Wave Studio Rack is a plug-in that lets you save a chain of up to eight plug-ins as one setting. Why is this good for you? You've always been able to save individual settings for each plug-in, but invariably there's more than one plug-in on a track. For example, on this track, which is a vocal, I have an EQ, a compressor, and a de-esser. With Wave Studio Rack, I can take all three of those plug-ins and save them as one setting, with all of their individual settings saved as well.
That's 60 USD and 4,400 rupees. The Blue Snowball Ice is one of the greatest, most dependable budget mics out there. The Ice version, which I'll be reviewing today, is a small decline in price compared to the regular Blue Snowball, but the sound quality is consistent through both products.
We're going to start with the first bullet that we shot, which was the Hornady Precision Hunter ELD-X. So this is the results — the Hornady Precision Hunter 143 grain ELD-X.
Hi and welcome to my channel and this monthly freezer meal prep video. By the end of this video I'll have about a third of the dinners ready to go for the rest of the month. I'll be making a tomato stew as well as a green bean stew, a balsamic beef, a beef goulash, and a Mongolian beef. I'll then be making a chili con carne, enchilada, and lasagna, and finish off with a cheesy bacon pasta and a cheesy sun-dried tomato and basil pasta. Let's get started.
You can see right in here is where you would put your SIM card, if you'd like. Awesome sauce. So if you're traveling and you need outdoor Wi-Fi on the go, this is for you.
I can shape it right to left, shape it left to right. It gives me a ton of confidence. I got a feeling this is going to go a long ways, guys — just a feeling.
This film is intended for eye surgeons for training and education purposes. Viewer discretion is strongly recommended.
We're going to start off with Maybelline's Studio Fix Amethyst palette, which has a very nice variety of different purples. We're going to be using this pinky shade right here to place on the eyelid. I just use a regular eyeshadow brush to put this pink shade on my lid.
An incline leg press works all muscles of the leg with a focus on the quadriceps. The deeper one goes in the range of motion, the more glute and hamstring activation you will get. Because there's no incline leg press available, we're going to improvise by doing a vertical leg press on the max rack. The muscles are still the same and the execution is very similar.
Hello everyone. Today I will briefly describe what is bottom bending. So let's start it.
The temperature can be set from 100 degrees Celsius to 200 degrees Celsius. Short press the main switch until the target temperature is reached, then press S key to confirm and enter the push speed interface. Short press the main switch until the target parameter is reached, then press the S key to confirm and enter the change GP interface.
--*--
Exactly as written, return every line of the material.

Wave Studio Rack is a plug-in that lets you save a chain of up to eight plug-ins as one setting. Why is this good for you? You've always been able to save individual settings for each plug-in, but invariably there's more than one plug-in on a track. For example, on this track, which is a vocal, I have an EQ, a compressor, and a de-esser. With Wave Studio Rack, I can take all three of those plug-ins and save them as one setting, with all of their individual settings saved as well.
That's 60 USD and 4,400 rupees. The Blue Snowball Ice is one of the greatest, most dependable budget mics out there. The Ice version, which I'll be reviewing today, is a small decline in price compared to the regular Blue Snowball, but the sound quality is consistent through both products.
We're going to start with the first bullet that we shot, which was the Hornady Precision Hunter ELD-X. So this is the results — the Hornady Precision Hunter 143 grain ELD-X.
Hi and welcome to my channel and this monthly freezer meal prep video. By the end of this video I'll have about a third of the dinners ready to go for the rest of the month. I'll be making a tomato stew as well as a green bean stew, a balsamic beef, a beef goulash, and a Mongolian beef. I'll then be making a chili con carne, enchilada, and lasagna, and finish off with a cheesy bacon pasta and a cheesy sun-dried tomato and basil pasta. Let's get started.
You can see right in here is where you would put your SIM card, if you'd like. Awesome sauce. So if you're traveling and you need outdoor Wi-Fi on the go, this is for you.
I can shape it right to left, shape it left to right. It gives me a ton of confidence. I got a feeling this is going to go a long ways, guys — just a feeling.
This film is intended for eye surgeons for training and education purposes. Viewer discretion is strongly recommended.
We're going to start off with Maybelline's Studio Fix Amethyst palette, which has a very nice variety of different purples. We're going to be using this pinky shade right here to place on the eyelid. I just use a regular eyeshadow brush to put this pink shade on my lid.
An incline leg press works all muscles of the leg with a focus on the quadriceps. The deeper one goes in the range of motion, the more glute and hamstring activation you will get. Because there's no incline leg press available, we're going to improvise by doing a vertical leg press on the max rack. The muscles are still the same and the execution is very similar.
Hello everyone. Today I will briefly describe what is bottom bending. So let's start it.
The temperature can be set from 100 degrees Celsius to 200 degrees Celsius. Short press the main switch until the target temperature is reached, then press S key to confirm and enter the push speed interface. Short press the main switch until the target parameter is reached, then press the S key to confirm and enter the change GP interface.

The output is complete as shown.